Yonatan Tekie, our Country Director in Ethiopia, comments on the importance of the exam, “[It] gives accountability to teachers and schools to show what they have done, identifying the system’s weaknesses and strengths.”

The Results of The Exam


This past year’s national exam produced devastating results, though they identified some significant areas for improvement in the system. Out of the 900,000 students that sat for this exam, less than 5 percent came out with a passing score. Dr. Tesema Abebe, a teacher from Top Academy School in Ethiopia, shares his disappointment, “I am sorry for the result, but it is not the students’ responsibility only, but of the families, teachers, and government. [All things considered], the result was the expected one.” Many Ethiopian public school teachers had to face the reality that the educational system had failed. For many students, this failure meant taking the exam a second time within the government-provided remediation or simply retaking their last year of high school, putting all plans on hold.


A Different Story


Now, what would it look like if these same students had received a quality Christ-centered education from a system based on integrity? To paint the picture with numbers, we saw significantly different results in Edify’s Core Schools (those part of our 3-year intensive program). Of this group, 39 percent of students passed the initial exam, 41 percent passed the second round, and 79 percent were accepted into universities. This is not only significantly higher but a completely different narrative for each student in attendance.

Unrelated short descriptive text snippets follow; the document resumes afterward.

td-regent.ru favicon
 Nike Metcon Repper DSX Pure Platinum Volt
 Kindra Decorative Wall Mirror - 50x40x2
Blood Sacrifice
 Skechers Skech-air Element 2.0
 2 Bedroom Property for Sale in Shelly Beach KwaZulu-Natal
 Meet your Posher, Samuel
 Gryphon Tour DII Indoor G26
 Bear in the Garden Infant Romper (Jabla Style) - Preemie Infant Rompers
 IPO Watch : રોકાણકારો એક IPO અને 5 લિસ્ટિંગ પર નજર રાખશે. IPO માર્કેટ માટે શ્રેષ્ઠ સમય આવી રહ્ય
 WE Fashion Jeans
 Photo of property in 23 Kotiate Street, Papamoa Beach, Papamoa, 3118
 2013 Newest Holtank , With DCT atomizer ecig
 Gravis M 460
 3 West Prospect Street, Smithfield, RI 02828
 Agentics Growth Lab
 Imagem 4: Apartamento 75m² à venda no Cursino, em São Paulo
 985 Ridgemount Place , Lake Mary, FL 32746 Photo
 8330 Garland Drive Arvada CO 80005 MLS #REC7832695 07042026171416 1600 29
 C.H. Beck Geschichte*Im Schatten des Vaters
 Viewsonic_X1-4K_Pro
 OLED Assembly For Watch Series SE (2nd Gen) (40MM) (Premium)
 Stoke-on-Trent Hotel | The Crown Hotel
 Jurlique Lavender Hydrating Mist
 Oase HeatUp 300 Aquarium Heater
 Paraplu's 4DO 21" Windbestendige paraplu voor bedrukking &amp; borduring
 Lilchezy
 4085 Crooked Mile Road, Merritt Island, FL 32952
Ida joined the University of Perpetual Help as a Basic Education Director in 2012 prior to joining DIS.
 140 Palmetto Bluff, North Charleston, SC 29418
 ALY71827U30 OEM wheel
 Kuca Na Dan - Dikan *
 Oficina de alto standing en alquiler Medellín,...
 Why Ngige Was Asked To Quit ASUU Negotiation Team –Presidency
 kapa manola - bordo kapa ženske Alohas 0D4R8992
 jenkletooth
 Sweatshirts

One partner school, Bole Kiwot School, located in the city of Addis Ababa, has found much success among its students. One of these students, Anteneh, shares how the Discipleship Club has changed his life, “Being at a Christian school has helped me a lot. I’ve learned that when your spiritual life grows, your academic life grows along with it.”


Raising the Bar


In a nation where many young adults rarely receive the tools necessary to reach their God-given potential, schools in Edify’s Core Program have raised the bar. Because of the commitment of these schools, the educational landscape of Ethiopia is changing for the good. As we look to the future generations of Ethiopian students, we are seeking to expand our Core Program, and we pray that every student finds their way in fulfilling the plans God has laid out for them.